[Crawled caption data]
------------------------------------------------------------------------
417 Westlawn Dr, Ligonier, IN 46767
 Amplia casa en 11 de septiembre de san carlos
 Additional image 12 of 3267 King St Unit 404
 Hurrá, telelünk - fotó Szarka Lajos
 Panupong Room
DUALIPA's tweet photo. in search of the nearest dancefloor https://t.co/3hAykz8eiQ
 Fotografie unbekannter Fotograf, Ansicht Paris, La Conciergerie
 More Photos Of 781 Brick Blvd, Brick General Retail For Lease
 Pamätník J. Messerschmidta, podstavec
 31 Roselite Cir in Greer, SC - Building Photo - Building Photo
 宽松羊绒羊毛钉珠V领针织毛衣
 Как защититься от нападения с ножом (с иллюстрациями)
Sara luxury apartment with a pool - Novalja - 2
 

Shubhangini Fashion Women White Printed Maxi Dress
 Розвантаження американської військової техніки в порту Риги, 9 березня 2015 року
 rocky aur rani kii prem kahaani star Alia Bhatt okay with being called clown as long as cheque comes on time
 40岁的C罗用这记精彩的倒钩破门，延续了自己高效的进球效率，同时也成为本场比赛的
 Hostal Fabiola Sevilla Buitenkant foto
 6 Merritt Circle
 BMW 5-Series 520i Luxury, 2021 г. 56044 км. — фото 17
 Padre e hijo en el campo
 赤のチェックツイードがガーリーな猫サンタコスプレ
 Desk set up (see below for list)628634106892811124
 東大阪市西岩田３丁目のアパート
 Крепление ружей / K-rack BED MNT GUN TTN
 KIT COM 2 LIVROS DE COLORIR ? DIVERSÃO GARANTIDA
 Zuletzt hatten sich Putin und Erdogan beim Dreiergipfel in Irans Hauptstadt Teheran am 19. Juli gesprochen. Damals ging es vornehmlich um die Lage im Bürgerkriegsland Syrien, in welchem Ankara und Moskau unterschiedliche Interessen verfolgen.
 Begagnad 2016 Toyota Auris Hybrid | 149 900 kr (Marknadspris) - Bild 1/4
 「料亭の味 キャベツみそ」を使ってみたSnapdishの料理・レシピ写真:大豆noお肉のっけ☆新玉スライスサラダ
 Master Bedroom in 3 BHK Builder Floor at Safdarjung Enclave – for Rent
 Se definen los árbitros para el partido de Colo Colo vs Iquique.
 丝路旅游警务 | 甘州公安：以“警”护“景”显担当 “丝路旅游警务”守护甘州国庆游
------------------------------------------------------------------------
EXERCISE GOAL :: Please output all the lines above exactly as given.

RESULT OF THE EXERCISE ::
417 Westlawn Dr, Ligonier, IN 46767
 Amplia casa en 11 de septiembre de san carlos
 Additional image 12 of 3267 King St Unit 404
 Hurrá, telelünk - fotó Szarka Lajos
 Panupong Room
DUALIPA's tweet photo. in search of the nearest dancefloor https://t.co/3hAykz8eiQ
 Fotografie unbekannter Fotograf, Ansicht Paris, La Conciergerie
 More Photos Of 781 Brick Blvd, Brick General Retail For Lease
 Pamätník J. Messerschmidta, podstavec
 31 Roselite Cir in Greer, SC - Building Photo - Building Photo
 宽松羊绒羊毛钉珠V领针织毛衣
 Как защититься от нападения с ножом (с иллюстрациями)
Sara luxury apartment with a pool - Novalja - 2
 

Shubhangini Fashion Women White Printed Maxi Dress
 Розвантаження американської військової техніки в порту Риги, 9 березня 2015 року
 rocky aur rani kii prem kahaani star Alia Bhatt okay with being called clown as long as cheque comes on time
 40岁的C罗用这记精彩的倒钩破门，延续了自己高效的进球效率，同时也成为本场比赛的
 Hostal Fabiola Sevilla Buitenkant foto
 6 Merritt Circle
 BMW 5-Series 520i Luxury, 2021 г. 56044 км. — фото 17
 Padre e hijo en el campo
 赤のチェックツイードがガーリーな猫サンタコスプレ
 Desk set up (see below for list)628634106892811124
 東大阪市西岩田３丁目のアパート
 Крепление ружей / K-rack BED MNT GUN TTN
 KIT COM 2 LIVROS DE COLORIR ? DIVERSÃO GARANTIDA
 Zuletzt hatten sich Putin und Erdogan beim Dreiergipfel in Irans Hauptstadt Teheran am 19. Juli gesprochen. Damals ging es vornehmlich um die Lage im Bürgerkriegsland Syrien, in welchem Ankara und Moskau unterschiedliche Interessen verfolgen.
 Begagnad 2016 Toyota Auris Hybrid | 149 900 kr (Marknadspris) - Bild 1/4
 「料亭の味 キャベツみそ」を使ってみたSnapdishの料理・レシピ写真:大豆noお肉のっけ☆新玉スライスサラダ
 Master Bedroom in 3 BHK Builder Floor at Safdarjung Enclave – for Rent
 Se definen los árbitros para el partido de Colo Colo vs Iquique.
 丝路旅游警务 | 甘州公安：以“警”护“景”显担当 “丝路旅游警务”守护甘州国庆游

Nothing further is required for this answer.